Report: Military Experiencing Shortfall on Recruiting Goals
The New York Times is reporting a new government study has found the military is falling far behind in recruiting goals for key combat positions in Iraq and Afghanistan. The Government Accountability Office says the military has failed to staff 41 percent of combat and non-combat specialist positions. The report says the shortfall was disguised by the overstaffing of other positions in order to meet overall recruiting goals. Derek Stewart, the G.A.O.’s director of military personnel, commented : "The aggregate recruiting numbers are rather meaningless. For Congress and this nation to truly understand what's happening with the all-volunteer force and its ability to recruit and retain highly qualified people, you have to drill down into occupational specialties.
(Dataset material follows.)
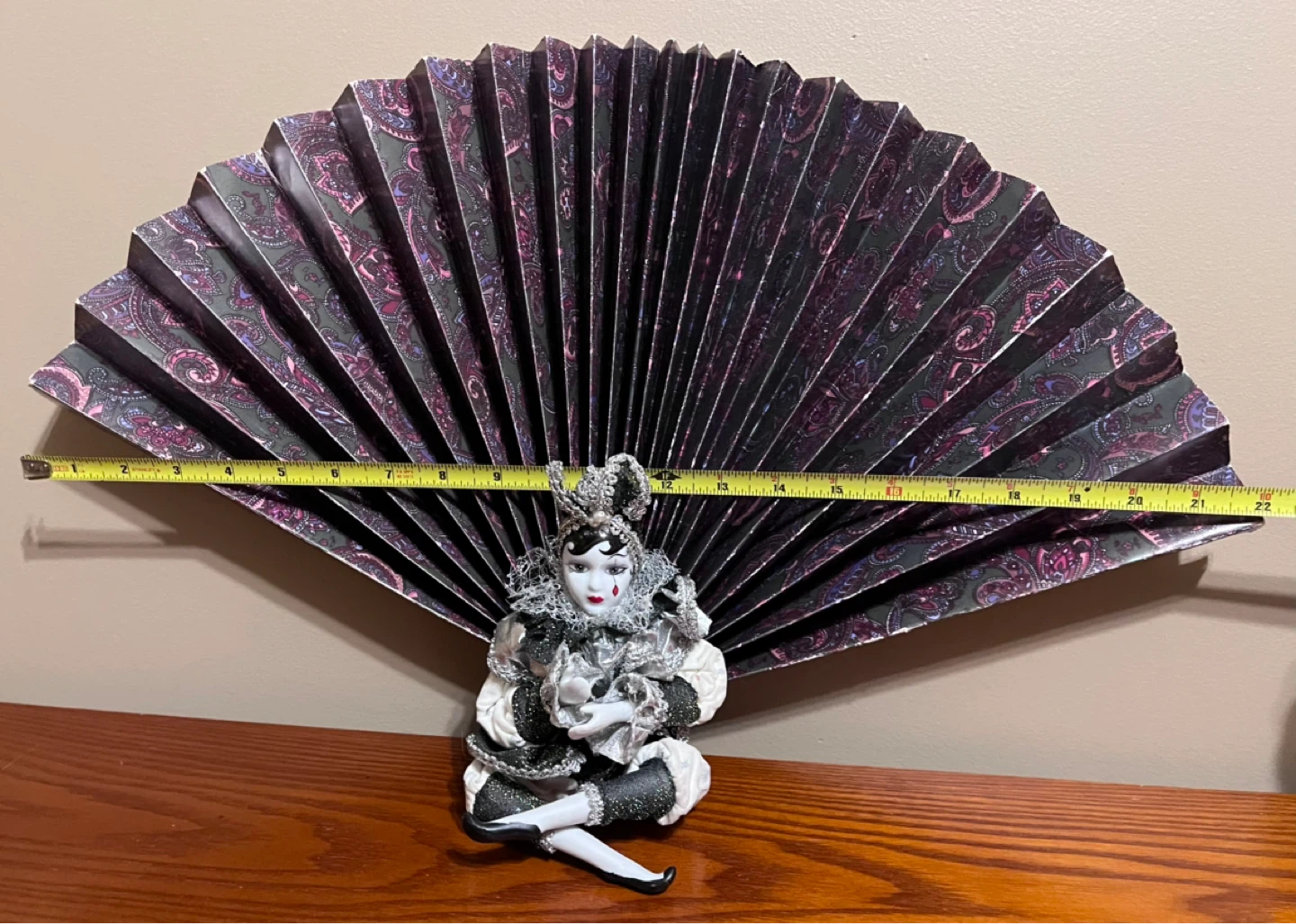 VINTAGE DECORATIVE WALL MASK & FANNED PORCELAIN DOLL - photo 5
And when you do, it's very revealing."

Chalabi Meets With Cheney and Rumsfeld in DC
The controversial former Iraqi exile leader Ahmad Chalabi met with Vice President Dick Cheney and Defense Secretary Donald Rumsfeld in Washington on Monday. Before the Iraq invasion, Chalabi was a close ally to the U.S. neoconservatives and the Pentagon. The meetings took place even though the FBI is investigating Chalabi for passing U.S. secrets to Iran. Last week Chalabi also met with Secretary of State Condoleeza Rice.

Pentagon Admits White Phosphorus Use in Iraq
After initial denials, the Pentagon is now admitting it used white phosphorus as an offensive weapon in the attack on Fallujah last November. The allegations were made in an Italian documentary produced by the Italian state television network RAI. Democracy Now played an excerpt of the film last Tuesday, the day of its premiere. On the same program, Pentagon spokesperson Lt. Steve Boylan denied the allegations, saying "I know of no cases where people were deliberately targeted by the use of white phosphorus." The Pentagon now says it used the weapon against insurgents. White phosphorus produces a dense white smoke that can cause serious burns to human flesh. The RAI documentary, entitled "Fallujah: The Hidden Massacre", showed graphic footage of civilians with severe wounds and burns allegedly caused by phosphorus bombing.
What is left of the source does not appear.